La forêt a, de tout temps, été le lieu d'une activité économique importante au Québec. Elle a occupé un rôle central durant la colonisation pour se transformer, avec l'apparition et l'explosion des journaux à grand tirage, en véritable locomotive industrielle au début du XXe siècle. Le passage à l'an 2000 n'a toutefois pas été une époque glorieuse pour l'industrie forestière québécoise qui émerge tout juste d'une crise sans précédent.

De 2000 à 2012, l'industrie forestière québécoise a été fortement affectée par la chute de plus de 60% de la demande nord-américaine en papier journal et par l'effondrement, à partir de 2006, du marché de la construction résidentielle aux États-Unis.

À la suite de fermetures, de faillites, de rationalisations et de restructurations, l'industrie, qui employait 96 554 travailleurs en 2000, n'en comptait plus que 61 107 à la fin de 2012. Plus de 35 000 travailleurs ont ainsi perdu leur emploi dans les régions-ressources du Québec.

Tous les secteurs liés à l'activité forestière ont écopé: que ce soient les travailleurs en forêt (-9000), les travailleurs d'usines de pâtes et papiers (-12 000) ou les travailleurs en scierie ou en fabrication (-14 000).

Il était temps que l'hécatombe cesse et - fort heureusement - c'est ce qui s'est produit l'an dernier lorsque le nombre de nouvelles mises en chantier aux États-Unis s'est enfin remis à grimper pour totaliser 750 000, comparativement au niveau plancher de 500 000 en 2011. Les prévisions de nouvelles constructions pour 2013 sont de 1,2 million de logements.

Parallèlement, la production de papier journal décline toujours, mais les autres produits de pâtes offrent encore de bons débouchés, particulièrement dans le secteur des pâtes cellulosiques qui servent à la fabrication de tissus.

Le renversement de tendance a donc des effets bien réels au Québec où j'ai réalisé le mois dernier une tournée des régions - Saguenay-Lac-Saint-Jean, Chibougamau, Mauricie et Outaouais - où la forêt occupe toujours une place prédominante dans l'activité économique.

Partout, des scieries qui avaient fermé leurs portes durant la crise ont repris vie. Des usines de pâtes qui avaient cessé leurs activités à Dolbeau, Thurso et - prochainement - Lebel-sur-Quévillon les ont redémarrées, mais avec un nouveau type de production.

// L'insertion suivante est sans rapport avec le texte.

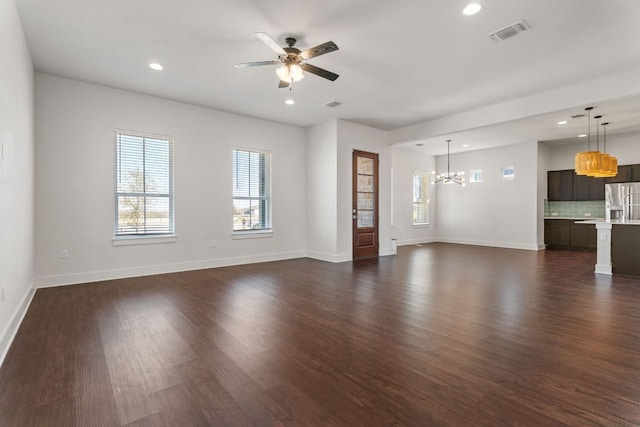 unfurnished living room featuring visible vents, dark wood finished floors, baseboards, and ceiling fan with notable chandelier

Les témoignages des acteurs qui sont au premier rang de cette relance sont publiés depuis trois jours dans La Presse" où l'on vous présente ce matin des champions de la troisième transformation du bois, un élément essentiel à la pérennité de l'industrie forestière québécoise.

Dans le respect de l'environnement

Le passage aux années 2000 a été aussi douloureux pour l'industrie forestière québécoise parce que son image a été passablement écorchée par la sortie, en 1999, du documentaire-choc L'Erreur boréale du chanteur, poète et pamphlétaire Richard Desjardins.

Le film présentait à l'aide d'images saisissantes des exemples de coupes forestières sauvages réalisées dans des environnements guère propices à la régénération naturelle des espèces et des écosystèmes. Un film qui a forcé les entreprises forestières à s'interroger sur leurs pratiques et la préservation de la ressource.

Depuis la sortie de L'Erreur boréale, il y a 14 ans, bien des choses ont changé.

Si la crise a freiné l'appétit des entreprises - 3,1 milliards de pieds-mesure-de-planche sont sortis des scieries québécoises en 2011 comparativement à 7,5 milliards en 2006 -, les pratiques de coupe en forêt sont presque totalement soumises à une certification FSC (Forest Stewardship Council).

Les grands détaillants comme Rona ou Home Depot exigent cette certification qui confirme que la coupe en forêt a été faite dans le respect des populations autochtones et de leurs territoires de trappe et de chasse; des espèces menacées, telles que le caribou forestier; des écosystèmes environnants; et des habitats fauniques.

«Plus de 80% de nos activités sylvicoles visent à sarcler les zones qui ont été coupées pour assurer la repousse des espèces. On doit replanter là où on fait des chemins et protéger la régénération naturelle», précise André Tremblay, président du Conseil de l'industrie forestière du Québec (CIFQ).

Selon le CIFQ, 95% de la récolte en forêt au Québec est certifiée aux normes FSC. Une récolte qui doit donc répondre à des chaînes de traçabilité pour assurer que la coupe a été réalisée selon des paramètres de développement durable.

Même Richard Desjardins consent aujourd'hui à admettre que l'industrie s'est amendée et qu'elle montre des signes d'amélioration. C'est ce que le chanteur a observé mercredi au cours d'une rencontre avec le Cercle de presse du Saguenay, où il a insisté sur l'importance de mieux développer une industrie de deuxième et troisième transformation du bois. Un constat que tous partagent.